>>>>

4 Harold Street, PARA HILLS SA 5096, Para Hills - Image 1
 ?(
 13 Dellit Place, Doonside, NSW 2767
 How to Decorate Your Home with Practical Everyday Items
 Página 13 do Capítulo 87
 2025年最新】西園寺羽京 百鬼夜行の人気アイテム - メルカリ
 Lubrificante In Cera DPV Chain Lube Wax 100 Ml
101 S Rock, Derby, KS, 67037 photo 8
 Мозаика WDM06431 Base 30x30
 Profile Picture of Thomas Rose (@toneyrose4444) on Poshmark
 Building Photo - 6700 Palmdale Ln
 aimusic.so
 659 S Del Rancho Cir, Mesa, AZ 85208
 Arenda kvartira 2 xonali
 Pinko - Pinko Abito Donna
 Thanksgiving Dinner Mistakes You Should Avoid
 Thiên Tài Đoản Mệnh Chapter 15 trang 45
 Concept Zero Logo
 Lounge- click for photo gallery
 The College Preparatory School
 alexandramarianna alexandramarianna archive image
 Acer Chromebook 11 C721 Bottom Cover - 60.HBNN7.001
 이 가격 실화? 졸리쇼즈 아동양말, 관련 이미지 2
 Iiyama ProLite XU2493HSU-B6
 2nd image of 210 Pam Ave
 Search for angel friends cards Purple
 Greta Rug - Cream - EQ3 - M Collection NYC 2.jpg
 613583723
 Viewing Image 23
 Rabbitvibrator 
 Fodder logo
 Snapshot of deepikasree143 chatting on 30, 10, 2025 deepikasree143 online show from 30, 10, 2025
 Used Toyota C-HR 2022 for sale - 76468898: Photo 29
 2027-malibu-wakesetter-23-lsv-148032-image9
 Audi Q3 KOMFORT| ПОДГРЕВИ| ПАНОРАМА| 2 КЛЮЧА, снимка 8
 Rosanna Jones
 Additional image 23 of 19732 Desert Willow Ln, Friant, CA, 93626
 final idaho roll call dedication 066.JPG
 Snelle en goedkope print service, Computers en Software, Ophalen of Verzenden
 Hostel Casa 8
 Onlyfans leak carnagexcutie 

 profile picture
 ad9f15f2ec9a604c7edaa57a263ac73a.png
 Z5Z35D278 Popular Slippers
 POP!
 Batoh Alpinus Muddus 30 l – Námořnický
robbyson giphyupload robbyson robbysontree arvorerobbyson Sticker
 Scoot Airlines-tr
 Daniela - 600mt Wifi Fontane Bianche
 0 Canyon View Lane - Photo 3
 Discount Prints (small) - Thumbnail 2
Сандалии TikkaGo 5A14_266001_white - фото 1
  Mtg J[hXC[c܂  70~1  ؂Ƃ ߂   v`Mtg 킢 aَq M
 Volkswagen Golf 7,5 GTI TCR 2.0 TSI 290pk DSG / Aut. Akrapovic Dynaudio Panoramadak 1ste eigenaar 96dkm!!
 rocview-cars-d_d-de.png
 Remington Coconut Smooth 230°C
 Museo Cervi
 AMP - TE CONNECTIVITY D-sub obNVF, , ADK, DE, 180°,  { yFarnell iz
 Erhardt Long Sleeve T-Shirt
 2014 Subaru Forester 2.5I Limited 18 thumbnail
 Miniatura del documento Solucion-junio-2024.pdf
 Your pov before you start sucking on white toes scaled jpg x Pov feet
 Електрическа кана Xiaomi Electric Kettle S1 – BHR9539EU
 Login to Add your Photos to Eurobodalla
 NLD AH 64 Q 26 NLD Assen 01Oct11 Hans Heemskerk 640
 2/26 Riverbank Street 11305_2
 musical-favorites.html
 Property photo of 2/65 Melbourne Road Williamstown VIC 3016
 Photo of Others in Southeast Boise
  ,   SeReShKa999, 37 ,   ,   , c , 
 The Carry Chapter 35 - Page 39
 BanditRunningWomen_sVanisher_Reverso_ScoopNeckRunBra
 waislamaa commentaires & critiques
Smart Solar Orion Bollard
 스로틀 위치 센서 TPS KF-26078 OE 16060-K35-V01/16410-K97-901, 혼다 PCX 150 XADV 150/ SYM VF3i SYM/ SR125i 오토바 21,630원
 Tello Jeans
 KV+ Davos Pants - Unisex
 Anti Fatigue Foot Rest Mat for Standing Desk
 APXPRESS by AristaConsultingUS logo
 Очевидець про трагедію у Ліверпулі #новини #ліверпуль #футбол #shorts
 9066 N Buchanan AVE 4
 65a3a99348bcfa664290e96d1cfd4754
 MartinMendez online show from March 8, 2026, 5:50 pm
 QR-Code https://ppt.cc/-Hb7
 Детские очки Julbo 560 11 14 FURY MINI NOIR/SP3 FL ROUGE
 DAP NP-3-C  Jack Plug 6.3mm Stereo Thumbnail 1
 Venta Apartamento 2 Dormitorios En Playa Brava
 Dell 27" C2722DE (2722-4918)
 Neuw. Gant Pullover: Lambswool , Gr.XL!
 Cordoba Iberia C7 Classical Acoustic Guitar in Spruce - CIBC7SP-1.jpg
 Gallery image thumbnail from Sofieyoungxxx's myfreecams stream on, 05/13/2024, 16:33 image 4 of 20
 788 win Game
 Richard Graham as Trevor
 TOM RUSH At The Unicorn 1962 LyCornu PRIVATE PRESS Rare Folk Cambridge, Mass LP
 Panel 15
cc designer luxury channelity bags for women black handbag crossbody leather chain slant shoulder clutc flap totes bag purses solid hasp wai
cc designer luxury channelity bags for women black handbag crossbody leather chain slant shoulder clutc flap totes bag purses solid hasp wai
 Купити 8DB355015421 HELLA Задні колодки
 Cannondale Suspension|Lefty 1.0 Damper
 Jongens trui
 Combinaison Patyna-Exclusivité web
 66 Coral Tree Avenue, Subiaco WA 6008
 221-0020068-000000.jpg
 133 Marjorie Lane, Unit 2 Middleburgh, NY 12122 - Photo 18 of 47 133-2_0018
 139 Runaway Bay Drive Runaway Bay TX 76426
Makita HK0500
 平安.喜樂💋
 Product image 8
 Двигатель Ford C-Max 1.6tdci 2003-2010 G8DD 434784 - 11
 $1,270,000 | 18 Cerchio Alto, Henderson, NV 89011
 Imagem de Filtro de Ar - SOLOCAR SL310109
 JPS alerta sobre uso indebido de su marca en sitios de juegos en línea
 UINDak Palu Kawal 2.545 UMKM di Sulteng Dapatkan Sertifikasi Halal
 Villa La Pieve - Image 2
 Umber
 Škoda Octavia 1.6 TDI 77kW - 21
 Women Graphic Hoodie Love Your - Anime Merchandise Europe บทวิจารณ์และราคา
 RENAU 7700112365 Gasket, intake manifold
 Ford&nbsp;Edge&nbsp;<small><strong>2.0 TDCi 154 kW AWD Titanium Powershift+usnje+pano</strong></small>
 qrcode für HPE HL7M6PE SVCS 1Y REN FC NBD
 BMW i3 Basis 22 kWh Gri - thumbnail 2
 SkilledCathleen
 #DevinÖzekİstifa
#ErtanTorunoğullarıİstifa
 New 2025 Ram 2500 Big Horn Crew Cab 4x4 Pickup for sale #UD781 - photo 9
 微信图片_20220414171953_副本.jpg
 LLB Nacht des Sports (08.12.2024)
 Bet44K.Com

<<<<

**Task to complete**
Restate word for word the lines in the material above from the one with "Cannondale Suspension|Lefty 1.0 Damper" to the one with "RENAU 7700112365 Gasket, intake manifold"; both of those lines count, and nothing else does.

**Response area**
 Cannondale Suspension|Lefty 1.0 Damper
 Jongens trui
 Combinaison Patyna-Exclusivité web
 66 Coral Tree Avenue, Subiaco WA 6008
 221-0020068-000000.jpg
 133 Marjorie Lane, Unit 2 Middleburgh, NY 12122 - Photo 18 of 47 133-2_0018
 139 Runaway Bay Drive Runaway Bay TX 76426
Makita HK0500
 平安.喜樂💋
 Product image 8
 Двигатель Ford C-Max 1.6tdci 2003-2010 G8DD 434784 - 11
 $1,270,000 | 18 Cerchio Alto, Henderson, NV 89011
 Imagem de Filtro de Ar - SOLOCAR SL310109
 JPS alerta sobre uso indebido de su marca en sitios de juegos en línea
 UINDak Palu Kawal 2.545 UMKM di Sulteng Dapatkan Sertifikasi Halal
 Villa La Pieve - Image 2
 Umber
 Škoda Octavia 1.6 TDI 77kW - 21
 Women Graphic Hoodie Love Your - Anime Merchandise Europe บทวิจารณ์และราคา
 RENAU 7700112365 Gasket, intake manifold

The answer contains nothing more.